Temperature effects on free-thyroxine measurements: analytical and clinical consequences

G van der Sluijs Veer, I Vermes, HA Bonte and RK Hoorn
Department of Clinical Chemistry, Medisch Spectrum Twente, Enschede, The Netherlands.

We compared the analytical and clinical performance of two free- thyroxine (FT4) assays--a solid-phase radioimmunoassay, Spectria, and a time-resolved fluoroimmunoassay, Delfia, both of them two-step methods-- with the performance of a direct radioimmunoassay, Nichols, to measure FT4 concentration in equilibrium dialysate of undiluted serum. The three assays showed comparable analytical performance. We tested clinical utility in sera from 135 healthy subjects with and without thyroxine-binding abnormalities and in 61 patients with and without thyroidal illnesses.

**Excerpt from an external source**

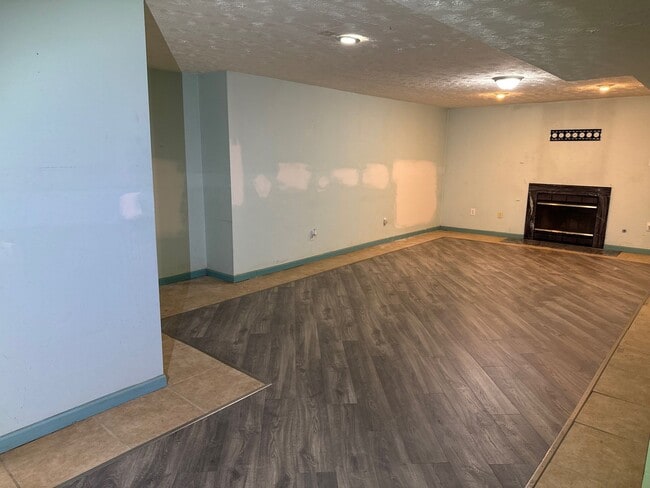 Building Photo - 4402 Dellafay Dr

We found significant differences for FT4 measured by different assays in sera from the same euthyroid patients. To explain the differences, we studied the influence of temperature on performance and calibration. Most important was the neglected fact that the association constant for the binding of thyroxine to thyroxine- binding globulin decreases when the temperature rises from 20 to 37 degrees C, causing a doubling of FT4. The two-step assays, if performed at room temperature without a well-defined calibration, can give misleading FT4 concentrations. This is the case when sera from patients with thyroxine-binding abnormalities are measured against kit standards, made up in normal human sera. If an assay is to reflect the in vivo FT4 concentration at body temperature in all types of samples, it should be performed at body temperature. For practical reasons 37 degrees C is recommended, and reference values should be defined at 37 degrees C. The same might be valid for other free-hormone assays.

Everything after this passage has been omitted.